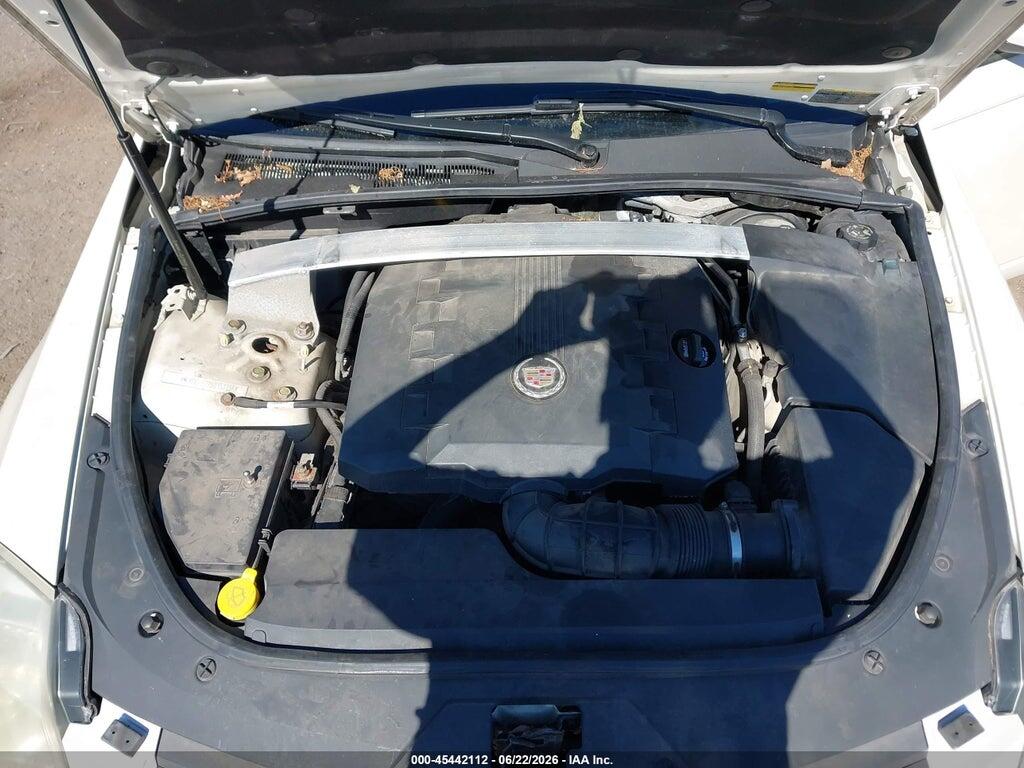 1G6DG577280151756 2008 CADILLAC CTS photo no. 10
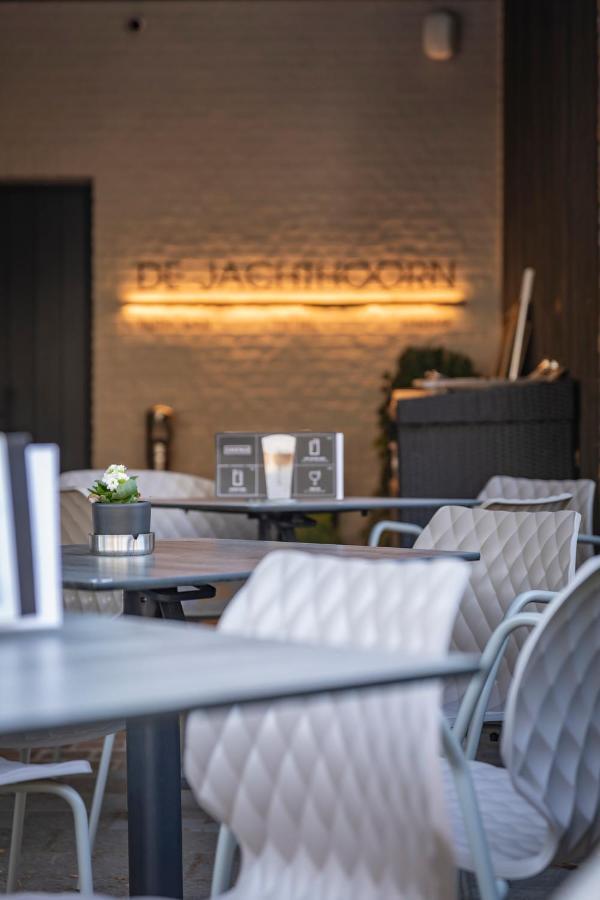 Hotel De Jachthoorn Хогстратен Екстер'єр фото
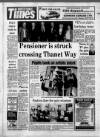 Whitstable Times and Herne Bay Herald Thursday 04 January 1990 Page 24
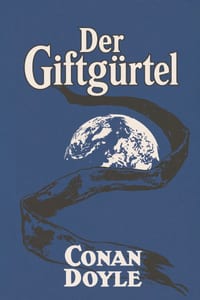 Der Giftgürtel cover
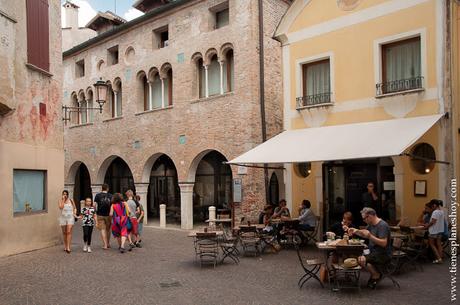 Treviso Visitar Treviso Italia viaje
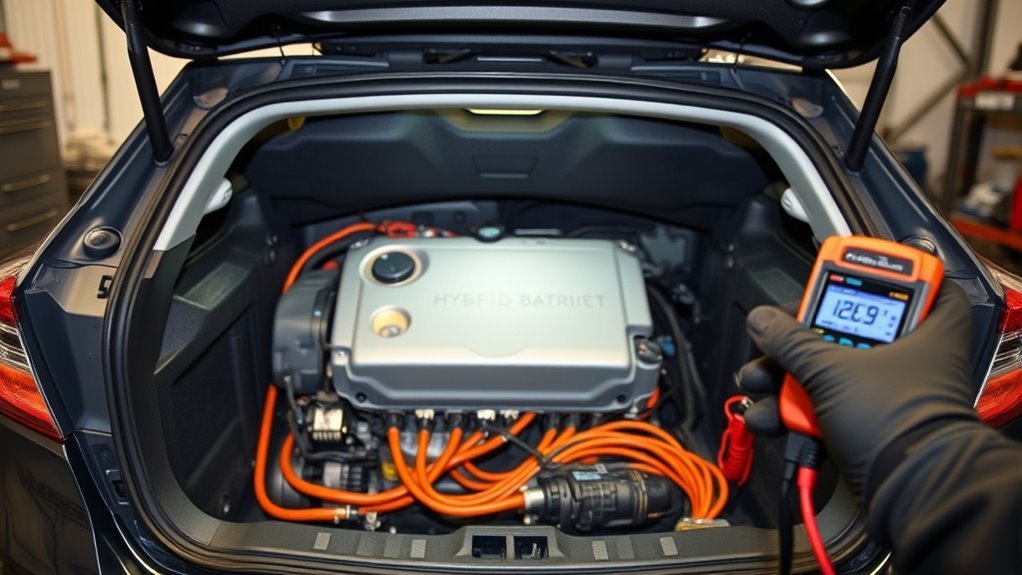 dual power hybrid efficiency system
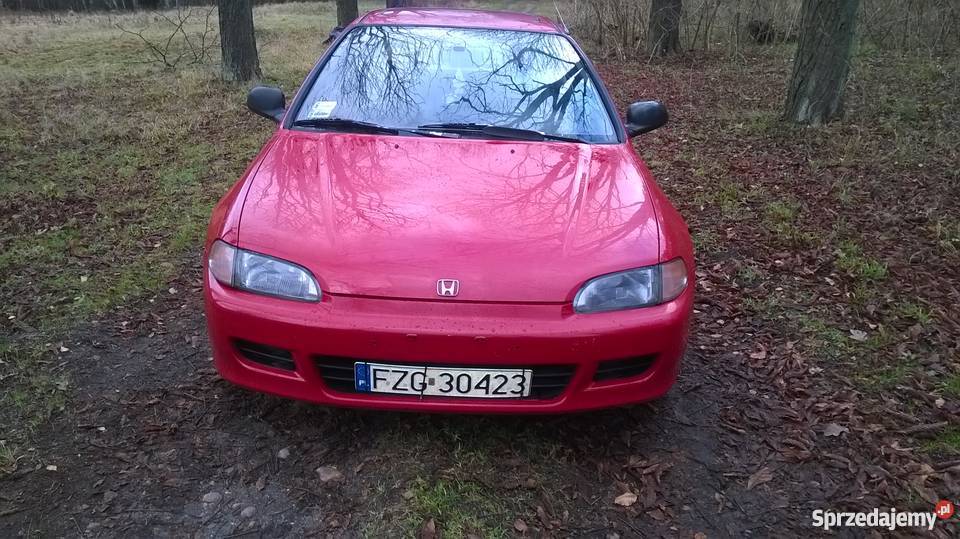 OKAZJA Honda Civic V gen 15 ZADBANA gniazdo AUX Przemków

**Task objective**
With the pictures omitted, print precisely the lines from the one with "dual power hybrid efficiency system" to the final line of the records, both included.

**Written response**
 dual power hybrid efficiency system
 OKAZJA Honda Civic V gen 15 ZADBANA gniazdo AUX Przemków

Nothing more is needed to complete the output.